Le département de la Justice des États-Unis a annoncé une série d’actions coordonnées visant des organisations criminelles exploitant des centres d’arnaque à travers l’Asie du Sud-Est, incluant des accusations criminelles, des saisies de sites web, des entrauves de cryptomonnaies et des efforts visant à démanteler les infrastructures utilisées pour frauder les victimes à travers le monde. L’opération a été menée par le Scam Center Strike Force du Département, qui se concentre sur la fraude cyber liée à des complexes frauduleux à grande échelle dans la région.

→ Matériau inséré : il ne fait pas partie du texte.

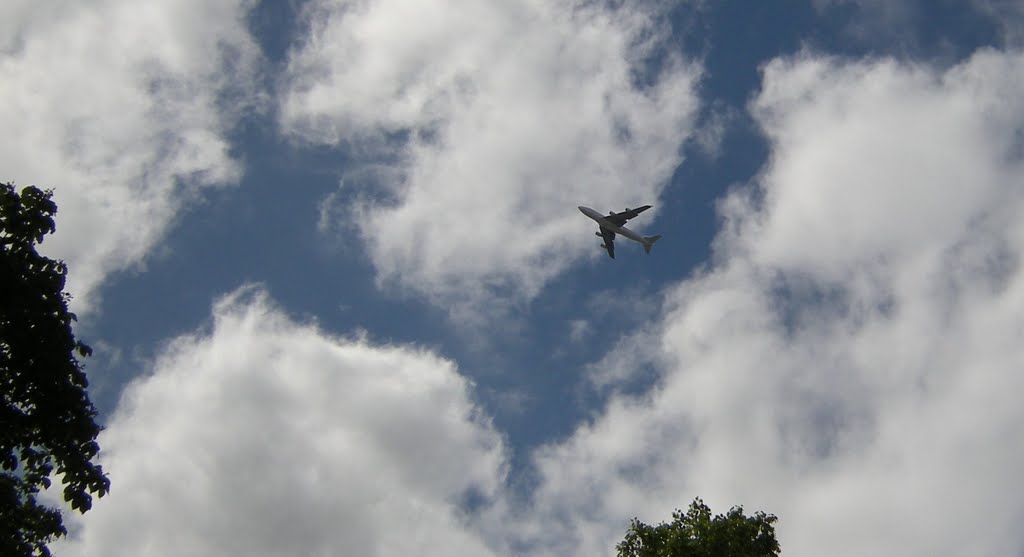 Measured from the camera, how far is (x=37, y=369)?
13.5 metres

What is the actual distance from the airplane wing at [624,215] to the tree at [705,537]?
1291 inches

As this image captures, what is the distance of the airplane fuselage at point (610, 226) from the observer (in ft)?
230

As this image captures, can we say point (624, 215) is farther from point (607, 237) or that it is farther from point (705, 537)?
point (705, 537)

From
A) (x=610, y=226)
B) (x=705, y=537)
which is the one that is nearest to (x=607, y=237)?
(x=610, y=226)

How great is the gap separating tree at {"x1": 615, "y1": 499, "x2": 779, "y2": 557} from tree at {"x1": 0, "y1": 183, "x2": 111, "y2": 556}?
32.6 m

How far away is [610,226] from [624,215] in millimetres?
1942

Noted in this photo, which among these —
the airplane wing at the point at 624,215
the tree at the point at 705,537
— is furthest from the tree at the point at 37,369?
the airplane wing at the point at 624,215

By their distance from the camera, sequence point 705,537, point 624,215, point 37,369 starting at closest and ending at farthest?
point 37,369 → point 705,537 → point 624,215

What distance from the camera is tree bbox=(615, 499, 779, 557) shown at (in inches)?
1531

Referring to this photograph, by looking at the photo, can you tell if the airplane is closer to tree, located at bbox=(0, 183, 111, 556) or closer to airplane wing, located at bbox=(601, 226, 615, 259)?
airplane wing, located at bbox=(601, 226, 615, 259)

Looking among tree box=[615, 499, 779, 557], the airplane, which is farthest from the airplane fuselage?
tree box=[615, 499, 779, 557]

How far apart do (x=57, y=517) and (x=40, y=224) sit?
8170 mm

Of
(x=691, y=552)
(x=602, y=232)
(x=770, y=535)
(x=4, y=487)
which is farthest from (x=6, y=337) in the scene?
(x=602, y=232)

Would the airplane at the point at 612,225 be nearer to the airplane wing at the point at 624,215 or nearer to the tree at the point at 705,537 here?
the airplane wing at the point at 624,215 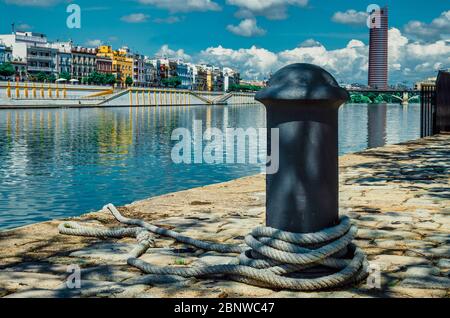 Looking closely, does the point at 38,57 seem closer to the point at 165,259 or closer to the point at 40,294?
the point at 165,259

According to the DOJ , les autorités ont saisi plus de 700 millions de dollars en cryptomonnaies prétendument liées à des opérations de blanchiment d’argent qui traitaient les produits de fraudes à l’investissement et d’autres arnaques en ligne. Les responsables ont indiqué que les fonds avaient été identifiés grâce à des enquêtes financières et à la coopération avec les fournisseurs de services de cryptomonnaies.

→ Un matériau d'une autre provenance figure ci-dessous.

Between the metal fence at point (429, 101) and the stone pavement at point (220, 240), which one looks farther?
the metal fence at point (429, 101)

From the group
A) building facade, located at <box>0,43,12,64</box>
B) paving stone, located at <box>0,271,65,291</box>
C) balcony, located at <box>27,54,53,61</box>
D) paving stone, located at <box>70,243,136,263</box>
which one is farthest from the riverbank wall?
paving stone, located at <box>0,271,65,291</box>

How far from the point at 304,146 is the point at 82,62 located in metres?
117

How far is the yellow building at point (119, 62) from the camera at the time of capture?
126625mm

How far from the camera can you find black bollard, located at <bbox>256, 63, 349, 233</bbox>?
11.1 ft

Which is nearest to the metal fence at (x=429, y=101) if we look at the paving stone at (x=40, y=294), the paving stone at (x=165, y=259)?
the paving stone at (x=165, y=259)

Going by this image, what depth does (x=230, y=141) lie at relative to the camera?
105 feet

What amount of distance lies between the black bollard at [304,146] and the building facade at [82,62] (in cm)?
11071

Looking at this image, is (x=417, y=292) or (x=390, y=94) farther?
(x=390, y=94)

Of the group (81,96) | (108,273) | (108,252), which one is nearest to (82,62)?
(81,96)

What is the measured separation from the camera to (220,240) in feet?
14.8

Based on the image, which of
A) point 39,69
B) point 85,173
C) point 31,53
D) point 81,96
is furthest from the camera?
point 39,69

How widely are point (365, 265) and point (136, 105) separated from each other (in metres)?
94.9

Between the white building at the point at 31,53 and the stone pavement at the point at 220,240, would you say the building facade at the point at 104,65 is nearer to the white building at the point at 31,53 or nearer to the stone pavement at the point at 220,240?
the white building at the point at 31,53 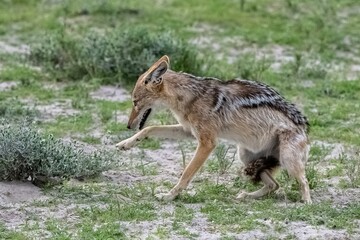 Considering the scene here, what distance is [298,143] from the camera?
8766 mm

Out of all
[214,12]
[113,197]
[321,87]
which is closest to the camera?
[113,197]

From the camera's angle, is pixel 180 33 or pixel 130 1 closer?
pixel 180 33

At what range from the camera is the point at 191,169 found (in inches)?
338

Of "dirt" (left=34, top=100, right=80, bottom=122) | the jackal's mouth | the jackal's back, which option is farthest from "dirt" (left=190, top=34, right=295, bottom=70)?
the jackal's mouth

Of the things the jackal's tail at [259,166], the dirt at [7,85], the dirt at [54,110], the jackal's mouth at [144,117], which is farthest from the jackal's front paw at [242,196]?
the dirt at [7,85]

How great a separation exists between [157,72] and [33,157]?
4.07 feet

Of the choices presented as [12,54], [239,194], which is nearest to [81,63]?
[12,54]

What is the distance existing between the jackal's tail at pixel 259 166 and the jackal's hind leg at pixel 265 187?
4 centimetres

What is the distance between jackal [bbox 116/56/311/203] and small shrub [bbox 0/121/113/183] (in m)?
0.55

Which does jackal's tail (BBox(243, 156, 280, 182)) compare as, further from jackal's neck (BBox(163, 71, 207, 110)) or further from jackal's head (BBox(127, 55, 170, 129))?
jackal's head (BBox(127, 55, 170, 129))

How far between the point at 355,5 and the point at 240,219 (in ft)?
32.9

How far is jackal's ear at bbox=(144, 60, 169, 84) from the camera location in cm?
868

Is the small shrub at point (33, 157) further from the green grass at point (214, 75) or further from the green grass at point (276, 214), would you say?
the green grass at point (276, 214)

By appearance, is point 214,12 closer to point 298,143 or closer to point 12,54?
point 12,54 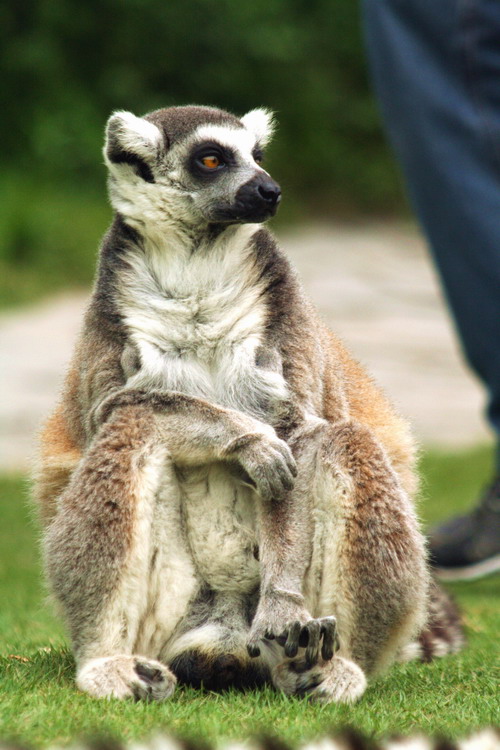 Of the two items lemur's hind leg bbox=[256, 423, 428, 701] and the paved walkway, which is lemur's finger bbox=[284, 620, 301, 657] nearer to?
lemur's hind leg bbox=[256, 423, 428, 701]

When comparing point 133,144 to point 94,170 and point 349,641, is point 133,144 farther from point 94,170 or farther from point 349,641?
point 94,170

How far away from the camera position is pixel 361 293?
63.5 feet

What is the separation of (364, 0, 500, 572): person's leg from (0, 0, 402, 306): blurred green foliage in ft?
38.1

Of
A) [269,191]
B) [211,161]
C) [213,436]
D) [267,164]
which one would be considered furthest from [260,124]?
[267,164]

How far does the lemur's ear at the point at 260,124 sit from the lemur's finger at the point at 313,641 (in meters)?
2.07

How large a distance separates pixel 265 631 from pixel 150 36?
18944 millimetres

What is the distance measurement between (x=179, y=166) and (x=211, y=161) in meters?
0.14

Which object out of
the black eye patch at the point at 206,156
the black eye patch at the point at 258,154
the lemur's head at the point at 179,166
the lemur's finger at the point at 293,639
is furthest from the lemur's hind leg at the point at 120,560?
the black eye patch at the point at 258,154

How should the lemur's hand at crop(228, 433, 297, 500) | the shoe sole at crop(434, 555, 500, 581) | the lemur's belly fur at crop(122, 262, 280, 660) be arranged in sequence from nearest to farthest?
the lemur's hand at crop(228, 433, 297, 500), the lemur's belly fur at crop(122, 262, 280, 660), the shoe sole at crop(434, 555, 500, 581)

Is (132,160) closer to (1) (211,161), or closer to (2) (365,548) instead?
(1) (211,161)

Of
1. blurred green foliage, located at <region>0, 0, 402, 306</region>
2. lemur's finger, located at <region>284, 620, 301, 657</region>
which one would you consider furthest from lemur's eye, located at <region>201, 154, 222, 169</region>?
blurred green foliage, located at <region>0, 0, 402, 306</region>

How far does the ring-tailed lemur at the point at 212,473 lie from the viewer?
4254 mm

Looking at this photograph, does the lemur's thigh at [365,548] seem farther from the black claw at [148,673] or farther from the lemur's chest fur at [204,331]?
the black claw at [148,673]

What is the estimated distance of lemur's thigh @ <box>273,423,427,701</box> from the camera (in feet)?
14.0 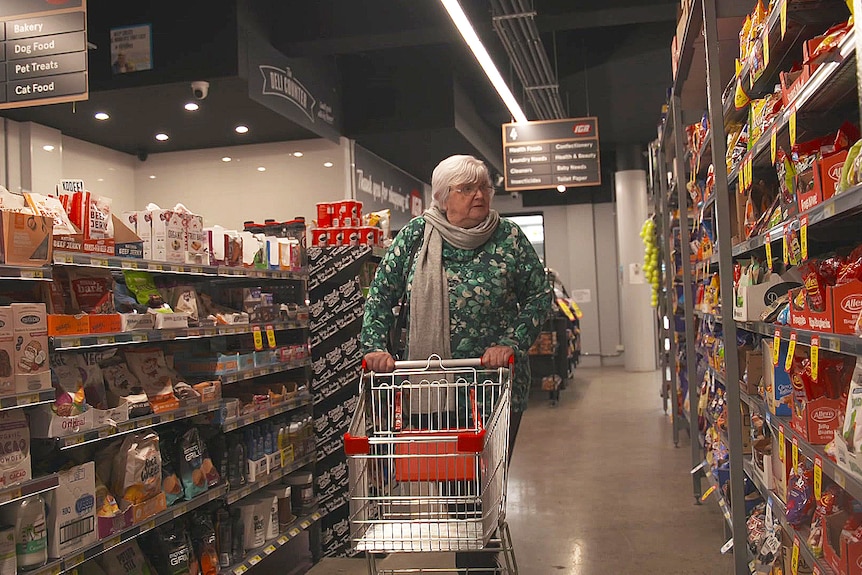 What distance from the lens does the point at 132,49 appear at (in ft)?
20.4

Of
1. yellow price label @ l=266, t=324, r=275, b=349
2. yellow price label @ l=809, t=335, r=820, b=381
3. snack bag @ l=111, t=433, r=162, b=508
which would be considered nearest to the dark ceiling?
yellow price label @ l=266, t=324, r=275, b=349

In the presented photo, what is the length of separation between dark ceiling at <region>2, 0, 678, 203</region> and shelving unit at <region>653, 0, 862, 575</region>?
3048 millimetres

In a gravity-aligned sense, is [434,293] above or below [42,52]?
below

Les procureurs fédéraux ont également rendu publiques les charges contre deux ressortissants chinois accusés d’avoir aidé à gérer des opérations liées à un complexe frauduleux appelé Shunda, situé au Myanmar. Les enquêteurs affirment que l’établissement a joué un rôle dans des fraudes à grande échelle visant les victimes via de fausses opportunités d’investissement et d’autres arnaques en ligne.
Dans le cadre de cette répression, les autorités ont saisi une chaîne Telegram prétendument utilisée pour recruter des travailleurs pour des centres frauduleux et ont mis hors service 503 sites web associés à des schémas frauduleux d’investissement en cryptomonnaies. Les enquêteurs ont indiqué que ces sites web servaient à attirer les victimes à transférer des fonds à des organisations criminelles opérant depuis l’Asie du Sud-Est.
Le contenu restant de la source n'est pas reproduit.